Uygur Türkleri, tarihte sömürücü güçlerden kurtulmak için çok eskiden beri devam ettirdikleri özgürlük mücadelesine XX. yüzyılın başlarında hız vermişlerdir. Zulüm arttıkça, Doğu Türkistan’da gelişmeler hızlanmış, büyük toplumsal olaylar gerçekleşmeye başlamıştır. Şubat 1911’de Ürümçi, Ocak 1912’de Kumul Çiftçiler ayaklanması meydana gelmiştir. Böylece özgürlük mücadelesinin gelişmesiyle felsefi, kültürel ve fikri alandaki değişmeler, edebiyat ve üslubun değişimini doğrudan etkilemiştir. Doğu Türkistan’ın çeşitli bölgelerinde arda arda kıvılcımlar halinde meydana gelen bu ayaklanmalar, mücadelenin gelişimini sağlamanın yanı sıra edebiyatın gelişmesini de hızlandırmış; klasik edebiyatın geleneklerini devam ettirme esnasında toplumdaki olumsuzlukları eleştirebilen ve ona karşı mücadele edebilen gerçekçi yeni Uygur edebiyatının doğmasına zemin hazırlamıştır.
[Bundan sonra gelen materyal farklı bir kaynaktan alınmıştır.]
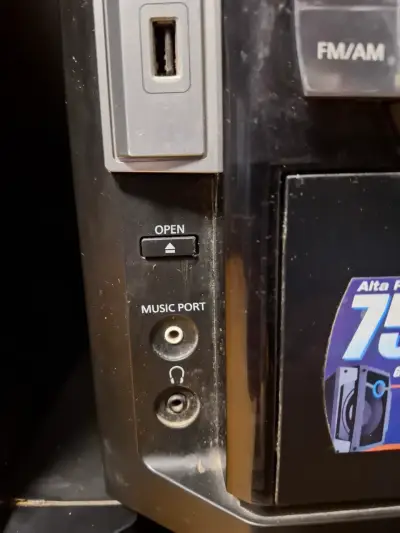 Sistema de sonido Panasonic con subwoofer y control remoto - miniatura 3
Bu dönemdeki bazı gelişmeler, yeni Uygur edebiyatını sadece içerik ve konu bakımından değil, edebi tür, şekil üslup ve dil bakımından da zenginleştirmiştir.
Çağdaş Uygur Edebiyatı, XIX. yüzyıl öncesinde daha çok klasik edebiyatın üzerinde yoğunlaşmış durumdaydı. O dönem ediplerinin ele aldığı konuların büyük bir kısmı, aşk ve kendilerinden önce yaşayan ünlü şair ve ediplerin şiirlerine ve kaidelerine nazireler olmuştur. Bazı edipler, Şarkın ünlü destanlarından “Leyla ile Mecnun”, “Ferhat ile Şirin”, “Yusuf ile Züleyha”, “Tahir ile Zühre” gibi destanları Uygur Türkçesiyle yörenin özelliğine uygun olarak yeniden yazmışlardır. XIX. yüzyılda Uygur Türklerinin geleceğine ışık tutabilecek mahiyette araştırmalar yaparak, tarihi eserler veren ediplerimizi de unutmamak gerekir.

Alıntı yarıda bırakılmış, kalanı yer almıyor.